## [WORK TO BE COMPLETED]
Using the material below, print the line that contains "Angel Dear Peach", the line that contains "Ashbrenner Plumbing home page, built by Theo", and every line in between, exactly and nothing else.

## [RECORDS PROVIDED]
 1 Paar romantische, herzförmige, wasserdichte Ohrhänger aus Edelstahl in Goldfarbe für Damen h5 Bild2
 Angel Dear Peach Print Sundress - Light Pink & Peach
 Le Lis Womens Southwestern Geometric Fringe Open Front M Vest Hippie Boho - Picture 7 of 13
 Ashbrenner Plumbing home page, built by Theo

--

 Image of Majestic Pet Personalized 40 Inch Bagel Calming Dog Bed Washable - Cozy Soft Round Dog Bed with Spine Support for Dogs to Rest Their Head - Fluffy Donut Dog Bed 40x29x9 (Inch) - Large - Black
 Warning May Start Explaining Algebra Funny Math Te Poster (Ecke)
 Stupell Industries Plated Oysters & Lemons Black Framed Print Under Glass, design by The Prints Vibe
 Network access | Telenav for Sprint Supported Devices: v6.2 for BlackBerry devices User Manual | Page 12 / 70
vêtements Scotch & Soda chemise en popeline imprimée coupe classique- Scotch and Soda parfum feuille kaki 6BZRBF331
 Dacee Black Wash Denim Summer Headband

## [ANSWER BELOW]
 Angel Dear Peach Print Sundress - Light Pink & Peach
 Le Lis Womens Southwestern Geometric Fringe Open Front M Vest Hippie Boho - Picture 7 of 13
 Ashbrenner Plumbing home page, built by Theo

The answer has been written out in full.